When I was still alive and still teaching, maximizing and managing time was an incredibly important part of the day. You had to activate learners with an attention step, a lesson focus that grabbed them. Usually that had to follow a warm-up, something you got them to do as soon as you had smiled at them at the doorway, offered to shake their hand, and then pulled them into the classroom to do some work for you. fifteen minutes at the start of the class to rev up mental engines and get the gears turning… shake out the rust and the cobwebs that accumulate the instant the final bell rang in the previous class. I timed that part of class down to the second with my pocket watch… or phone in later years. Then, once the engines started, the focus is in place, you introduce the learning objective. Never more than ten minutes… timed to the second… you give the explanation, the road map of the day ahead, the instruction. Then for the next ten to fifteen minutes you let them discover stuff. In groups, with a partner, teacher to class, student to class, or (rarely) individually, they must apply what you pointed out and figure something out. It could be complicated, but probably it was simple. All answers are welcome and accepted… because all answers will be evaluated and you learn more from wrong answers than you do from correct guesses. Evaluation comes in the five to ten minutes at the end when you evaluate. “What have I learned today?” You try your hardest to pin something new to the mental note-board hanging on the brain walls of each and every student. Depending on how much or how few minutes you are given before the final bell kills the lesson for the day, you have to put the big pink ribbon on it. That tightly-wound lesson cycle goes on all day, repeated as many times as you have classes. In that time you have to be teacher, policeman, friend, devil’s advocate, entertainer, counselor, psychotherapist, chief explainer, and sometimes God. And you time it to the second by your pocket watch.

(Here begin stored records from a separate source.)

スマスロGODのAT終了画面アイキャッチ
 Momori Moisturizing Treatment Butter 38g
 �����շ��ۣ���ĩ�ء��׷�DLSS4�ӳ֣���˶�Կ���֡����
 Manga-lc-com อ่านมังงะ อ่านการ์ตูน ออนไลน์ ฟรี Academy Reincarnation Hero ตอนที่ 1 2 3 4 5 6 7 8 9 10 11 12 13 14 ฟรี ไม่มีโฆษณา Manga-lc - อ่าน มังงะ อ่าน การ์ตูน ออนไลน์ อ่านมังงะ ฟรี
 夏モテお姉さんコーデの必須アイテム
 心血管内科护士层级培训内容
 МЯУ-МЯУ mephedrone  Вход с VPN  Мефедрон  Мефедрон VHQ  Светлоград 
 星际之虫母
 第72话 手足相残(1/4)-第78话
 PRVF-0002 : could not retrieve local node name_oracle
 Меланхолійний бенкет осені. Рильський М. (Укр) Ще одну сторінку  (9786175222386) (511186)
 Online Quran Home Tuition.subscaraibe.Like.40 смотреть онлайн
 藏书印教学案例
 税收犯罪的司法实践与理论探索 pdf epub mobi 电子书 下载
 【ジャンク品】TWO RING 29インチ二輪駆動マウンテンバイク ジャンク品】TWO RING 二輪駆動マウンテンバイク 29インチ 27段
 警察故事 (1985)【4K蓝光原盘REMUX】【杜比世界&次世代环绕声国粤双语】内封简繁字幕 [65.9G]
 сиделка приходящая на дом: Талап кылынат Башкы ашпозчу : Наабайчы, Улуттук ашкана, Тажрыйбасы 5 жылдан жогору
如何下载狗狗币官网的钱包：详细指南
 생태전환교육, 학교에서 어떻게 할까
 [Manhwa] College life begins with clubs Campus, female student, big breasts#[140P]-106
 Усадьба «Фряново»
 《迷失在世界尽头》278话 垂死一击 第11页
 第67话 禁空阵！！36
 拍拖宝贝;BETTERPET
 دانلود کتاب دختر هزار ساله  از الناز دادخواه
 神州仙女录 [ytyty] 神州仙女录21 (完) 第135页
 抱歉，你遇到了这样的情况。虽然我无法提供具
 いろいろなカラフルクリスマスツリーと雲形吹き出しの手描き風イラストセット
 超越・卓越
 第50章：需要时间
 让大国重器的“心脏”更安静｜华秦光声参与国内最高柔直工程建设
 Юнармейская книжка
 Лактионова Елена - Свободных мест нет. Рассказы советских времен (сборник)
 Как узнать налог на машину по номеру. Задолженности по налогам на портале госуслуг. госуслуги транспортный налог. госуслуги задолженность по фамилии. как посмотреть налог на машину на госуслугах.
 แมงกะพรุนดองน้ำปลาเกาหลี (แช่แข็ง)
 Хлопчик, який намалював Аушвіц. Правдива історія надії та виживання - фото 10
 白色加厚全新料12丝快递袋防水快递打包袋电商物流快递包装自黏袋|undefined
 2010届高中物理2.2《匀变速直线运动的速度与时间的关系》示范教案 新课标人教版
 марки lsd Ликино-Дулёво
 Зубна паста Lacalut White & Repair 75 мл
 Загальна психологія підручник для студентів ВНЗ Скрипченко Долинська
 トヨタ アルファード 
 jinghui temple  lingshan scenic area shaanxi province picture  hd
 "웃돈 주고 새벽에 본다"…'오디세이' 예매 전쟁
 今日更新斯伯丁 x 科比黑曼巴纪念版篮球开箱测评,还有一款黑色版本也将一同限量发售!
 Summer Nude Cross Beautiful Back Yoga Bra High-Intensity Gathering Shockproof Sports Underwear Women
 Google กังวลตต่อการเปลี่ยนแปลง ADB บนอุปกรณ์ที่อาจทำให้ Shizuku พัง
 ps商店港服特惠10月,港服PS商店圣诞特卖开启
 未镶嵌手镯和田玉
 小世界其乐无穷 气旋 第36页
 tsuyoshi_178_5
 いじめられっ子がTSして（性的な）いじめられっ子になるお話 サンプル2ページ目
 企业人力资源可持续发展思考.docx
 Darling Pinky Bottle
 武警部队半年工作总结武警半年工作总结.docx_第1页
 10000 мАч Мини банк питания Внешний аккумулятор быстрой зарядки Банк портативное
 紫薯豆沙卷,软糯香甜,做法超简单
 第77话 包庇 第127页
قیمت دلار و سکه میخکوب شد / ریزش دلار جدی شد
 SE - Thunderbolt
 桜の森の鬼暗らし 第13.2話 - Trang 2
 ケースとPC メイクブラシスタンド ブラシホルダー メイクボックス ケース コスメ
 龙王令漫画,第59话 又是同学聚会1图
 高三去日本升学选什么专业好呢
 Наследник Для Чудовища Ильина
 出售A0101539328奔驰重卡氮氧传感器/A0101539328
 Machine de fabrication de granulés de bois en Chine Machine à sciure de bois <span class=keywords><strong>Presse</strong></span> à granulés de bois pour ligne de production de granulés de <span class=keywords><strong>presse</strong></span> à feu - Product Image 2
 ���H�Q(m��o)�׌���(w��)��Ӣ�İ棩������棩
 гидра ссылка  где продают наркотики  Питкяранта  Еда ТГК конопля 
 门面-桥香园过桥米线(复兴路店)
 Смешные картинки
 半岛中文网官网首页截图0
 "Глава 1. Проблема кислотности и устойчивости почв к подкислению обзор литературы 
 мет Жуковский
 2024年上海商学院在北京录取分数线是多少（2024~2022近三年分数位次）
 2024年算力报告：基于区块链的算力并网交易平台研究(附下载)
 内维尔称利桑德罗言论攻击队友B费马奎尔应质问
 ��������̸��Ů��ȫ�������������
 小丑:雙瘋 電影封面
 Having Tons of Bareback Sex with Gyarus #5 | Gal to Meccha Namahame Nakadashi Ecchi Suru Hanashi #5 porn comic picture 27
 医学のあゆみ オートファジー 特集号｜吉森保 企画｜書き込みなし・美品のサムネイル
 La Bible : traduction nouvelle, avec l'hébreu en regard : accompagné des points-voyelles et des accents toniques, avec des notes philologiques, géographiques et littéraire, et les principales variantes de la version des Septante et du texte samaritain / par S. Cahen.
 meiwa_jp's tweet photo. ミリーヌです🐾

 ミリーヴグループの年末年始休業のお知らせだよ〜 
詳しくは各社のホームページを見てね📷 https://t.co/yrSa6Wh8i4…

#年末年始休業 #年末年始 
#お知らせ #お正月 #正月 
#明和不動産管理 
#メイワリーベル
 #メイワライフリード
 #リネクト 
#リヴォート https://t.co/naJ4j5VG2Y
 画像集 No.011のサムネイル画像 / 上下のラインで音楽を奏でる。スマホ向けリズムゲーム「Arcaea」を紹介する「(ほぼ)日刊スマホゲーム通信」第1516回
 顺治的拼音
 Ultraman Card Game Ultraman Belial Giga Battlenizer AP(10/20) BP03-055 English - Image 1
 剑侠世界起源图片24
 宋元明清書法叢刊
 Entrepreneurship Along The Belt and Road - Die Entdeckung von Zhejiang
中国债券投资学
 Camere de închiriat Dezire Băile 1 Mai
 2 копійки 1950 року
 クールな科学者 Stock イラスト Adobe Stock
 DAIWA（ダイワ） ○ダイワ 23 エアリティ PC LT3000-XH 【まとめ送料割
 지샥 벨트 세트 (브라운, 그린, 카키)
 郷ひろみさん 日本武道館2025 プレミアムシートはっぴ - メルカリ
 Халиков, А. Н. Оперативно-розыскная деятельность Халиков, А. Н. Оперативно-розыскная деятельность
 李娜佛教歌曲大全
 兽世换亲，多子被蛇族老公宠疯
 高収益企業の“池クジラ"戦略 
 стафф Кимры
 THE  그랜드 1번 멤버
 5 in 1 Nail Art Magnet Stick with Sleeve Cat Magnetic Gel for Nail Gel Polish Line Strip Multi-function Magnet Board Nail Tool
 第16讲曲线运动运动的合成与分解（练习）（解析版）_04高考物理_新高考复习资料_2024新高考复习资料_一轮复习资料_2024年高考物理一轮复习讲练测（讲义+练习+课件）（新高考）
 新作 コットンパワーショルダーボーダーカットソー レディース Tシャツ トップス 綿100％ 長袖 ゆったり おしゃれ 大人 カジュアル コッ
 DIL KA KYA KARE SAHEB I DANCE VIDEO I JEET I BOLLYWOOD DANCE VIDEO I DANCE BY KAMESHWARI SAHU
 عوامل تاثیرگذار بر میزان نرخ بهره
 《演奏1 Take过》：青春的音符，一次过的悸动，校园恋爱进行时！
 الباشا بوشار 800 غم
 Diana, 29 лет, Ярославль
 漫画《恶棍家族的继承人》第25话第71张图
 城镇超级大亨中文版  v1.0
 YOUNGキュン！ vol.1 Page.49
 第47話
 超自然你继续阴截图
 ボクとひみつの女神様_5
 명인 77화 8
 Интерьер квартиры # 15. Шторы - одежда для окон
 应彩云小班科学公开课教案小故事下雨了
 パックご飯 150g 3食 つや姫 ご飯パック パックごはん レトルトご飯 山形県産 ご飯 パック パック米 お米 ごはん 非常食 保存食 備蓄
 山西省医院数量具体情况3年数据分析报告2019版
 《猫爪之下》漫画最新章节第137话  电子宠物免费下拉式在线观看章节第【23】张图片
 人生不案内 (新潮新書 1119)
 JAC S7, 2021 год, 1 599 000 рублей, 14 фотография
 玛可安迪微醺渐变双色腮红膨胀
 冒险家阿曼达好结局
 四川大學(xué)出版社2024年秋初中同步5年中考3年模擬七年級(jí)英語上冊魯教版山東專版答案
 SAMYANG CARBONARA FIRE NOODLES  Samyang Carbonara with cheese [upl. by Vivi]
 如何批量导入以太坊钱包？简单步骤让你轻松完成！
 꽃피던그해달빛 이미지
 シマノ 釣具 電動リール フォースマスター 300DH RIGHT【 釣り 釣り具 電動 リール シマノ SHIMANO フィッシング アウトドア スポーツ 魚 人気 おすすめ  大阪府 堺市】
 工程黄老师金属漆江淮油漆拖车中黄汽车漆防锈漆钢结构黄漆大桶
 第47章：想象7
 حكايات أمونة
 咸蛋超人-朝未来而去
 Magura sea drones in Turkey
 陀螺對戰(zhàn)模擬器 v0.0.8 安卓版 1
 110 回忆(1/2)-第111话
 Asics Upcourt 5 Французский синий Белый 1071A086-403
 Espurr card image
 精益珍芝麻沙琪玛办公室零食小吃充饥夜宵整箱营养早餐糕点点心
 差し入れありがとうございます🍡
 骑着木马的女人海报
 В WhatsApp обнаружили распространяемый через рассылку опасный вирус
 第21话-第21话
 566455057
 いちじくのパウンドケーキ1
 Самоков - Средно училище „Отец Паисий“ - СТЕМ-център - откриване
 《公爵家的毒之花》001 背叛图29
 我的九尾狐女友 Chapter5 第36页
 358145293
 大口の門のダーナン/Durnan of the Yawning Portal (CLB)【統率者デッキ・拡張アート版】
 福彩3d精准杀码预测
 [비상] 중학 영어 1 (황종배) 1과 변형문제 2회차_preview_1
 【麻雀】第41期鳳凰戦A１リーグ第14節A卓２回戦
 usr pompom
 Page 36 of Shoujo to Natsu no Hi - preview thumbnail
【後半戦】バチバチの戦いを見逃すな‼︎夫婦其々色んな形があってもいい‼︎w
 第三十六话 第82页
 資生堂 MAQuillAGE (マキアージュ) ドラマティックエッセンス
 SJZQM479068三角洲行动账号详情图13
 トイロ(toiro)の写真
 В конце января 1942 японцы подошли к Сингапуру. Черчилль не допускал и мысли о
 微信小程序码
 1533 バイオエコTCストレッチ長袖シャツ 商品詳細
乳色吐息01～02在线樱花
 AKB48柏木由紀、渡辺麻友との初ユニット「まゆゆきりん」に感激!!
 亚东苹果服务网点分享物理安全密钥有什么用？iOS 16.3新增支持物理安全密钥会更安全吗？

I miss being the rabbit holding the BIG PENCIL. Now that I am retired, I am no longer on the clock… no longer subject to careful time management. My pocket watch is broken and lying in a box somewhere in my library. I live now in non-consecutive time periods of sleep and illness and writing and playing with dolls. I have entered a second childhood now. Not really a simple one because of diabetes and arthritis and COPD and psoriasis and all the other wonderful things that old age makes possible. But a childhood free of school politics and mandates from the school board and from the State. A childhood where I can once again dream and imagine and create and play. That’s what this post is if you haven’t already figured it out. I am playing with words and ideas. They are my toys. Toys like this one;

This, of course, is Tim, the turtleboy of irony, holding his magic flatiron that he uses for ironing out irony. He is flattening it out now with a cartoony Paffooney and wickedly waggled words. Ironically, I have often taught students to write just like this, making connections between words and pictures and ideas through free association and fast-writing. Have you learned anything from today’s retired-teacher post? If you did, it is ironic, because you were never meant to from the start.














During my middle-school teaching years I also bought and read copies of The Prince and the Pauper, Roughing It, and Life on the Mississippi. I would later use a selection from Roughing It as part of a thematic unit on Mark Twain where I used Will Vinton’s glorious claymation movie, The Adventures of Mark Twain as a way to painlessly introduce my kids to the notion that Mark Twain was funny and complex and wise.











Telling Teacher Stories
Here’s a secret that is only a secret if you are one of the well-over-six-billion people that don’t know I exist; I loved being a public school teacher. I taught for 31 years. 24 years of that was in middle school. I taught more than 1000 different seventh graders. And I loved it.
Please don’t reveal this secret to any mental health professionals. I like my freedom. And I am really not dangerous even after teaching that many seventh graders. I promise.
But it has left me with a compulsion. I confess it is the reason I write humorous young adult novels and why I continue to write this blog. I have to tell teacher stories or I will surely explode.
I have to tell you not only about the normal kids I taught, but the super-brainy mega-nerds I taught, the relatively stupid kids I taught, the honor students, the autistic kids, the kids who loved to sleep in class, the classroom clowns that tried to keep them awake, the kids who loved my class, the kids who hated my class, the times I was a really stupid teacher, the times I achieved some real milestones for some wonderful kids, the kids I still love to this day, the kids I tried really hard to love, but…. (well, some kids not even a mother could love), the drug dealers I had to protect my class from, the kids who talked to me about suicide and abuse and horrible things that still make me cry, the kids I lost along the way, and, well, the list goes on and on but this is an epic run-on sentence and the English teacher inside me is screaming at the moment.
You get the idea. Like most writers… real writers, not hacks and wannabees, I write because I have to. I don’t have a choice. No matter what it costs me. And what do I have to talk about in writing except being a school teacher and the almost infinite lessons that experience taught me?
I loved being the rabbit holding the big pencil in the front of the classroom. And that metaphor means, as crazy as it sounds, I loved being a teacher.